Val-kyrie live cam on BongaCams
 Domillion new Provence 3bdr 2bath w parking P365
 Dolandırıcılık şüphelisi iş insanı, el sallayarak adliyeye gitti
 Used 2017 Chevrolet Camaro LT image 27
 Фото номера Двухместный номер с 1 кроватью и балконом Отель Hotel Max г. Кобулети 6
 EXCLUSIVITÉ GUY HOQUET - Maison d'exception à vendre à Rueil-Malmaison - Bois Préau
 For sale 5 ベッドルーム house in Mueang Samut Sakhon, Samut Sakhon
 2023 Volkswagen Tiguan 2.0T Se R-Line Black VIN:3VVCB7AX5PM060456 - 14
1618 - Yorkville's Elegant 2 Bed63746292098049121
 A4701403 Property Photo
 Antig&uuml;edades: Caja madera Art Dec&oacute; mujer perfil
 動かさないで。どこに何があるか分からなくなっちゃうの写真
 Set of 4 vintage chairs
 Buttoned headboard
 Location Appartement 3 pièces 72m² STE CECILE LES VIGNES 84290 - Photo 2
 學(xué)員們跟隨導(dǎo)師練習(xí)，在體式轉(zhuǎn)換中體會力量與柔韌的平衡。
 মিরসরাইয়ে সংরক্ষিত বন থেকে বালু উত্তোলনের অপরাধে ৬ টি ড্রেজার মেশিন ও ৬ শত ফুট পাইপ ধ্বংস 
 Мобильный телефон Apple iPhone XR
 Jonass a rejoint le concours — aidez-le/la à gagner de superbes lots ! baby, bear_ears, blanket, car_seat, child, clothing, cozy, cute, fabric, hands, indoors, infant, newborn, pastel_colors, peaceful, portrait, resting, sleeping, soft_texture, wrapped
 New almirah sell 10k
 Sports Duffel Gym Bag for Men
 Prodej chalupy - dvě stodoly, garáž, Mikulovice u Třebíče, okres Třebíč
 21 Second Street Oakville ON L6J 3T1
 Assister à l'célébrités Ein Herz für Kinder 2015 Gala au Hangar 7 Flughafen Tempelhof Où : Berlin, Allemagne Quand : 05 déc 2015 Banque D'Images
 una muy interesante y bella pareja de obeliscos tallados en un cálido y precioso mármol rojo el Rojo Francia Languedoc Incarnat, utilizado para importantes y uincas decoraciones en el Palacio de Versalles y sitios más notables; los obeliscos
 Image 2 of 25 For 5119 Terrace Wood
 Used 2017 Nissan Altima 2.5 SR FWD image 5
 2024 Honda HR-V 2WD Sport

● **PROMPT**
Starting at the first line of the records above, please copy every line exactly through the line containing "Sports Duffel Gym Bag for Men", and stop there.

● **RESULT OF THE TASK**
Val-kyrie live cam on BongaCams
 Domillion new Provence 3bdr 2bath w parking P365
 Dolandırıcılık şüphelisi iş insanı, el sallayarak adliyeye gitti
 Used 2017 Chevrolet Camaro LT image 27
 Фото номера Двухместный номер с 1 кроватью и балконом Отель Hotel Max г. Кобулети 6
 EXCLUSIVITÉ GUY HOQUET - Maison d'exception à vendre à Rueil-Malmaison - Bois Préau
 For sale 5 ベッドルーム house in Mueang Samut Sakhon, Samut Sakhon
 2023 Volkswagen Tiguan 2.0T Se R-Line Black VIN:3VVCB7AX5PM060456 - 14
1618 - Yorkville's Elegant 2 Bed63746292098049121
 A4701403 Property Photo
 Antig&uuml;edades: Caja madera Art Dec&oacute; mujer perfil
 動かさないで。どこに何があるか分からなくなっちゃうの写真
 Set of 4 vintage chairs
 Buttoned headboard
 Location Appartement 3 pièces 72m² STE CECILE LES VIGNES 84290 - Photo 2
 學(xué)員們跟隨導(dǎo)師練習(xí)，在體式轉(zhuǎn)換中體會力量與柔韌的平衡。
 মিরসরাইয়ে সংরক্ষিত বন থেকে বালু উত্তোলনের অপরাধে ৬ টি ড্রেজার মেশিন ও ৬ শত ফুট পাইপ ধ্বংস 
 Мобильный телефон Apple iPhone XR
 Jonass a rejoint le concours — aidez-le/la à gagner de superbes lots ! baby, bear_ears, blanket, car_seat, child, clothing, cozy, cute, fabric, hands, indoors, infant, newborn, pastel_colors, peaceful, portrait, resting, sleeping, soft_texture, wrapped
 New almirah sell 10k
 Sports Duffel Gym Bag for Men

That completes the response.